Here, we also observed that Pdk4 gene expression is obviously increased in SCDH of SMIR animals through RNA-Seq and qPCR methods. Pdk4 encodes pyruvate dehydrogenase kinase 4, which modulates the activities of pyruvate dehydrogenase. Pyruvate dehydrogenase is an enzyme in charge of transforming pyruvates to acetyl-CoA or lactates, depending on specific aerobic or anaerobic conditions, respectively.30 PDK4 expression is increased in local inflamed tissues and Pdk4 deficiency attenuates local lactate increase and ameliorates both mechanical and heat pain in hind paws produced by injection of complete Freund’s adjuvant.30 Moreover, animals deficient in Pdk2/4 genes showed reduced lactate levels and macrophage infiltration in DRG, as well as reduced central sensitization in streptozotocin-induced diabetes mouse model.36 A recent study demonstrated that intrathecal lactate injection causes obvious mechanical hypersensitivities in naïve mice. Further experiments using pharmacological methods to reduce lactate supplies in spinal cord significantly attenuated neuropathic pain in model animals.37 These results suggest that lactate production either in periphery or spinal cord is an important contributing factor to chronic pain. Thus, these results suggest a possible involvement of Pdk4 in SMIR-induced CPSP via modulating lactate production in SCDH. Further studies will be needed to confirm the protein expression of PDK4 and lactate levels in SCDH of SMIR model animals.

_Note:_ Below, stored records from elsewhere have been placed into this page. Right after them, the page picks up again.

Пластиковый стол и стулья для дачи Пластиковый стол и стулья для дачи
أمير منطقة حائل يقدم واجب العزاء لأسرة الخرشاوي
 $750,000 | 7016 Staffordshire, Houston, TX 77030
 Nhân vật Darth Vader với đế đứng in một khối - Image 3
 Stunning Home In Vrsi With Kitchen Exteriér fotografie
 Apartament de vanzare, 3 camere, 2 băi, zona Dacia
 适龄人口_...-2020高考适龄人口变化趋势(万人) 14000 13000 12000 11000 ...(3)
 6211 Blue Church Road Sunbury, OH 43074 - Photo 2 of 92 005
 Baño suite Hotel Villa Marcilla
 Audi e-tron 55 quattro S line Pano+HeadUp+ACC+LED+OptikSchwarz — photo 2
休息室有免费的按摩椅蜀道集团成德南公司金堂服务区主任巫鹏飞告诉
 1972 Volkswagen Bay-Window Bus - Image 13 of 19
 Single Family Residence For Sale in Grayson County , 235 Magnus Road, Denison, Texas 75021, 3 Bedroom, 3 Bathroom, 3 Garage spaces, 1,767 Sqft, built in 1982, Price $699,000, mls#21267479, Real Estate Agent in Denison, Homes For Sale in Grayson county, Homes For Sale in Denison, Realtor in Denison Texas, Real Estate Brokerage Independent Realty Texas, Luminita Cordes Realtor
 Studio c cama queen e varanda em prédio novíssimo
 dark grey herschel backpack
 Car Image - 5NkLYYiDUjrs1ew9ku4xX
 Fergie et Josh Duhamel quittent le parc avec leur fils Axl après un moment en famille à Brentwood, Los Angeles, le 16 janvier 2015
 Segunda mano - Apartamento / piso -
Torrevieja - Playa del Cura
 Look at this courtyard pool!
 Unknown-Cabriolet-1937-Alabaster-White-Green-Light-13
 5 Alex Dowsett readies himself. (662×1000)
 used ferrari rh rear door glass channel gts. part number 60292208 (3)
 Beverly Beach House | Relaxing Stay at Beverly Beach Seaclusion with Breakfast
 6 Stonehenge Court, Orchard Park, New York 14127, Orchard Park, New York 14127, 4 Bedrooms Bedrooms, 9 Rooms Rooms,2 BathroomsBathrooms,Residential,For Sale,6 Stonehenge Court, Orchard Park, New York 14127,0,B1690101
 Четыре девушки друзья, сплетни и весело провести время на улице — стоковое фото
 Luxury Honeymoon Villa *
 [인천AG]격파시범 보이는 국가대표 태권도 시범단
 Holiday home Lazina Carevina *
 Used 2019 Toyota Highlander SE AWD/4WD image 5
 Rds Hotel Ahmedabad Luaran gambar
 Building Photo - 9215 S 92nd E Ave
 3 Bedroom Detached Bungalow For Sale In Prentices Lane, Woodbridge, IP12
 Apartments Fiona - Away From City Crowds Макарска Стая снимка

GO analysis from the present study demonstrated that the “sensory perception of pain” constitutes one of the predominant biological processes. This result indicates that pain-related gene expression changes could be a major biological process that takes place in SCDH from SMIR rats. This result is also consistent with the nature of this model as being a CPSP model. In order to gain more understanding of the genes related to pain processing, we continued to compare our dataset with a comprehensive dataset summarizing all human pain-related genes.31 Among these DEGs, several well-established pain-related genes were identified, including Bdkrb2 and Tacr1. These results suggest that a diversity of pain mechanisms may together contribute to overall CPSP, reflecting the complex nature of mechanisms involved in chronic pain.

In addition, a number of certain well-known endogenous analgesia-relevant genes showed up in the DEGs list. These genes include Oprm1, Oprk1, Cnr1 and Cnr2, which encode protein μ-opioid receptor, κ-opioid receptor, cannabinoid receptor 1 and cannabinoid receptor 2, respectively. These receptors operated as endogenous opioid and endocannabinoid analgesic signaling. These results suggest that endogenous analgesic mechanisms may be activated during the pathogenesis of CPSP. The persistent activation of these endogenous analgesic signaling may help to counteract the chronic pain condition to some extent, which is a reflection of the endogenous protection machinery upon stress insult. Further functional validations of these potential pain- or analgesia-related genes are needed to unravel the detailed mechanisms underlying CPSP.

Conclusions

Our study presented a pilot work to explore genome-wide expression profiles of ipsilateral SCDH of a rat model of CPSP. We found several pain-related genes and pathways that could possibly be related to CPSP. These findings may provide us with some mechanistic insights into the mechanisms of CPSP. We hope further functional validations of these identified DEGs or pathways will be performed to reveal the underlying mechanisms of CPSP.